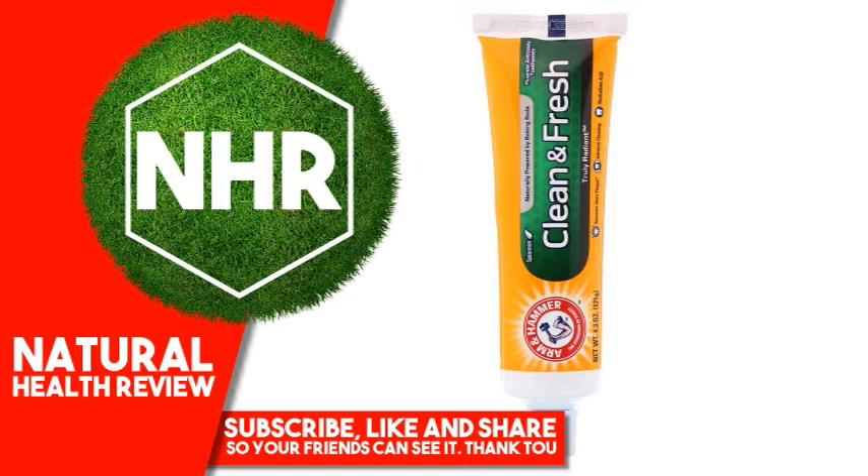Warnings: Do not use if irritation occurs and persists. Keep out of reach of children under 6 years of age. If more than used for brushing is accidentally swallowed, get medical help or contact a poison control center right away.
* * *
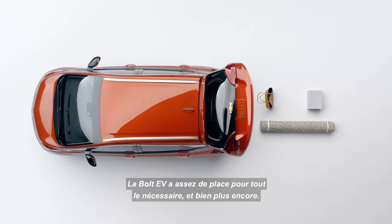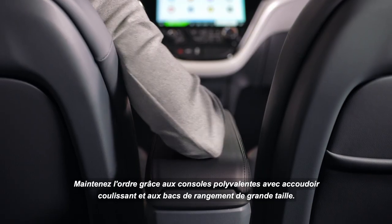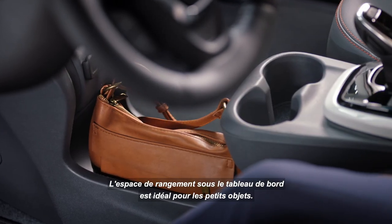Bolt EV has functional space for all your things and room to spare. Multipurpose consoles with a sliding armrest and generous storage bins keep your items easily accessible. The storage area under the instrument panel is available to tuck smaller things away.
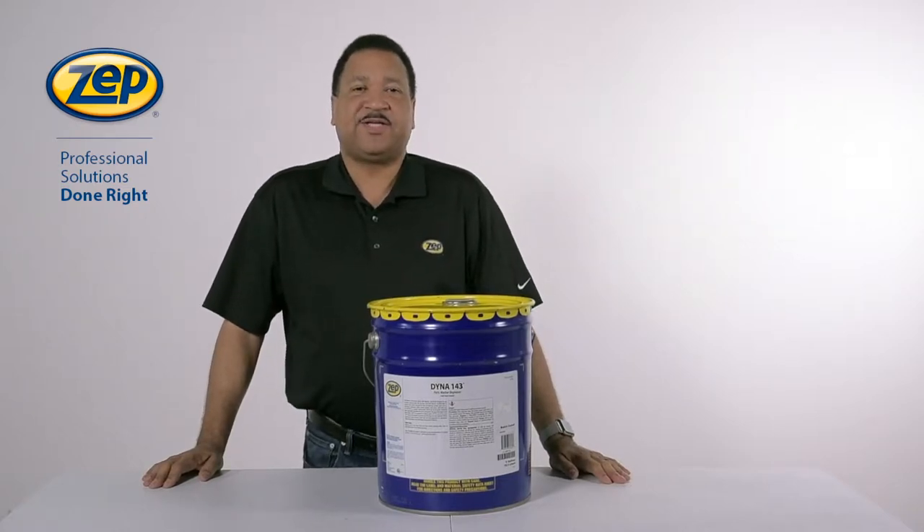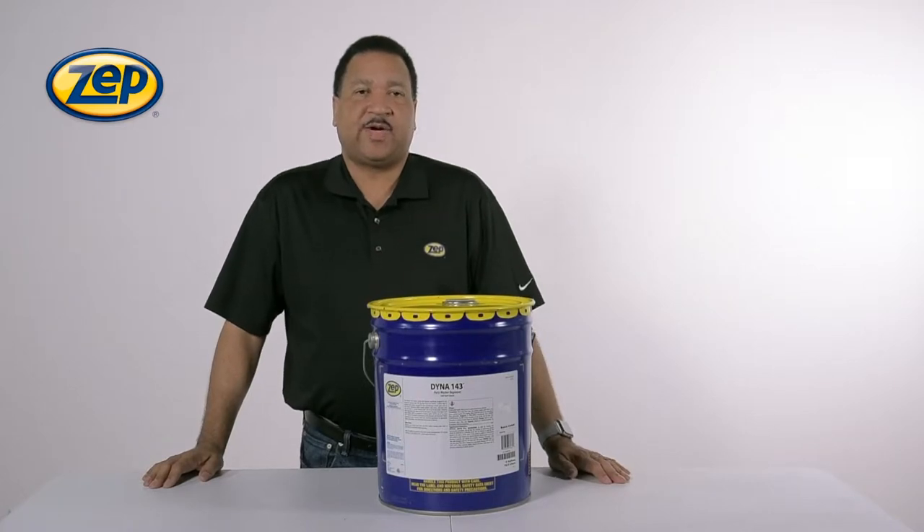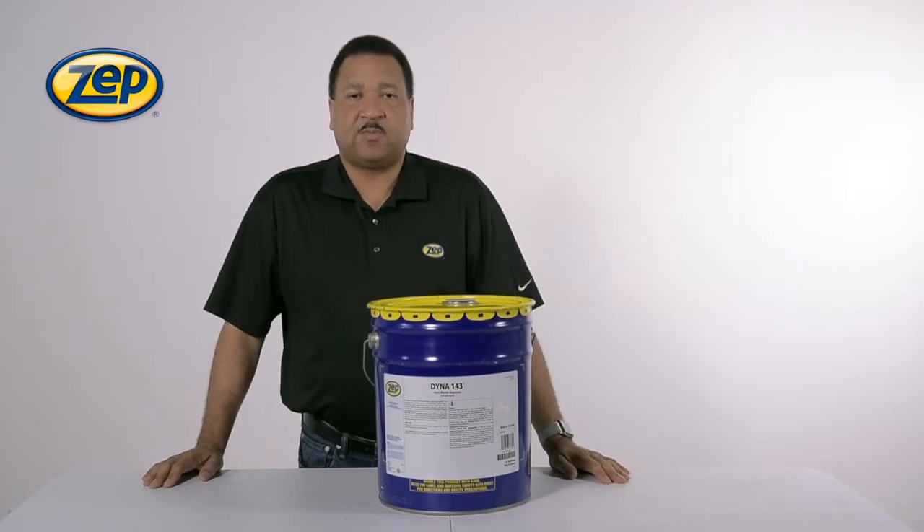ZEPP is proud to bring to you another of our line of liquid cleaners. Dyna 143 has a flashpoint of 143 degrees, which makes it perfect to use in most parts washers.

## Assignment:
Range to copy from the listing above: the line with "Bolt EV has" through the line with "ZEPP is proud". Transcribe it exactly and skip the pictures.

## Exercise response:
Bolt EV has functional space for all your things and room to spare. Multipurpose consoles with a sliding armrest and generous storage bins keep your items easily accessible. The storage area under the instrument panel is available to tuck smaller things away.
ZEPP is proud to bring to you another of our line of liquid cleaners. Dyna 143 has a flashpoint of 143 degrees, which makes it perfect to use in most parts washers.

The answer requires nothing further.